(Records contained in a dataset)
· · · · · · ·
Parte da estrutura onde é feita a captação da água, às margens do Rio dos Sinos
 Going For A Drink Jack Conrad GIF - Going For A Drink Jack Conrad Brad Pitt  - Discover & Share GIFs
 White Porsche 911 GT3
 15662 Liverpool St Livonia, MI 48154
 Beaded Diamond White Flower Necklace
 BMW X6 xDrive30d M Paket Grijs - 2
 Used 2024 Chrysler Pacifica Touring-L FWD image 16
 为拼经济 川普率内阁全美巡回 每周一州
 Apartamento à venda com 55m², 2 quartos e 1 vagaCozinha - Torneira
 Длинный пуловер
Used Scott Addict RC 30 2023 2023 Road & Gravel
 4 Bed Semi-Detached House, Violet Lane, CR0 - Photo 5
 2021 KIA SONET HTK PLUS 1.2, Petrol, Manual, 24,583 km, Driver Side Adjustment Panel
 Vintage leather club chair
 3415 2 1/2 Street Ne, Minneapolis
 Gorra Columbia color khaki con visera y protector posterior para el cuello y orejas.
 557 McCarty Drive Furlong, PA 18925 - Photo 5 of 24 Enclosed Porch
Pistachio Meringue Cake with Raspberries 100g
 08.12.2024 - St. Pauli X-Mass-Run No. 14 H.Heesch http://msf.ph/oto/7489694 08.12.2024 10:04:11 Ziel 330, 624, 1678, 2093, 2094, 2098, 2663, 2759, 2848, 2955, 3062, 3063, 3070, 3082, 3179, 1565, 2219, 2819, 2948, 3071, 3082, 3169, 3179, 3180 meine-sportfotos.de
· · · · · · ·
**Goal of the exercise**
The answer must consist of each line from the entries that contains the string "Used".

**Result for this task**
 Used 2024 Chrysler Pacifica Touring-L FWD image 16
Used Scott Addict RC 30 2023 2023 Road & Gravel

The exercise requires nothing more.